BART stands for Bidirectional and Auto-Regressive Transformer and was introduced in 2019 by Facebook AI Research (FAIR) in the paper “BART: Denoising Sequence-to-Sequence Pre-training for Natural Language Generation, Translation, and Comprehension”. BART is a transformer model with a bidirectional encoder similar to BERT and an autoregressive decoder similar to GPT.

BART combines the pretraining concept of BERT and GPT within the encoder decoder architecture with a denoising autoencoder pretraining objective to reconstruct corrupted input text.

The input sequence is corrupted through various corruption methods including:

token masking: Randomly replacing some tokens in the input text with a special [MASK] token.
token deletion: Randomly removing some tokens from the input text.
sentence permutation: Shuffling the order of tokens in the input text.
text infilling: randomly sample a text span and replace each span with a single [MASK] token.

During pretraining,the bidirectional encoder converts the corrupted text into a context embeddings and passes these embeddings to the autoregressive decoder. The autoregressive decoder processes the decoder’s input (the target sequence obtained by shifting the original text one position to the right) and the encoder’s output to compute the probability distribution (over the vocabulary) for each token position in target sequence.

For each token position in the target sequence, the cross-entropy loss is computed using the probability of the actual next token given the previous tokens in the target sequence. The cross entropy loss for each target sequence is computed as the total loss (sum of losses for all token positions in the target sequence).

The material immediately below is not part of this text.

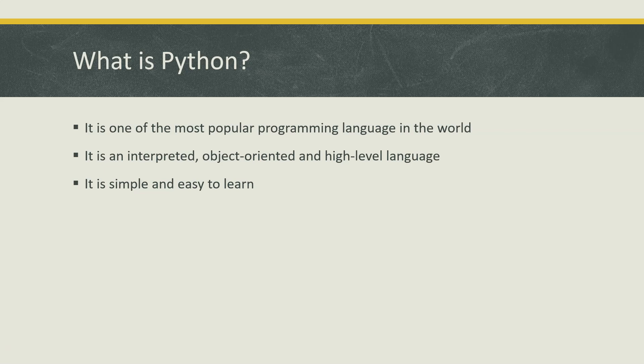We are talking about how it is easy to learn - the syntax is pretty simple. It is also easily readable, so anybody looking at the code can make out what you are trying to do or perform any particular operation when you are writing some Python code.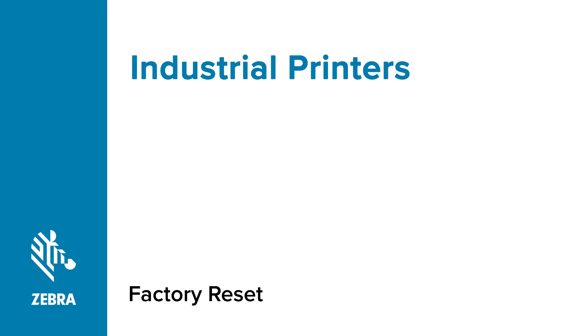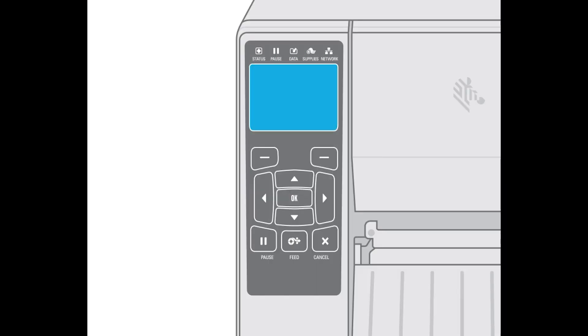How to default a Zebra industrial printer to factory settings. In this video, you will learn how to default a Zebra industrial printer to factory settings. This video applies to all Zebra printers with pause, feed, label, and cancel buttons. The same steps apply to all industrial printers, even if your printer display looks slightly different.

Backpropagation is implemented by computing the gradients of the total loss with respect to model parameters and using the gradients to update the model parameters. BART is pre-trained by corrupting text with various noising functions and letting the model to reconstruct the original text from the corrupted input.

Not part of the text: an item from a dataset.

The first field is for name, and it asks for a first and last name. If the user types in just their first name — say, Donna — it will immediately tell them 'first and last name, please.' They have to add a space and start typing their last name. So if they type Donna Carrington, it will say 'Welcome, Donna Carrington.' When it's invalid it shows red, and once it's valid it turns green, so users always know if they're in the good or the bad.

BART is particularly effective when fine tuned for text generation but also works well for comprehension tasks. BART is can handle a range of NLP tasks effectively, including text generation, summarization, translation, and question answering.

BART is pretrained using a large corpus with various noise types to learn robust representations of text.
After pretraining, BART can be fine-tuned on specific tasks using task-specific datasets. This fine-tuning helps adapt the model’s general knowledge to perform well on specific tasks.

For sequence classification tasks, the same input is fed into the encoder and decoder, and the final output of the decoder stack is fed into new multi-class classifier head.

BART has an autoregressive decoder, hence BART can be fine-tuned for sequence generation tasks such as abstractive question answering and summarization without any architectural changes.

BART can also be fine-tuned for a machine translation task: BART’s encoder embedding layer is randomly initialized with new values. The entire model is then trained end-to-end, by feeding the encoder with the input sequence (in the source language) and the decoder with the target sequence (in the target language).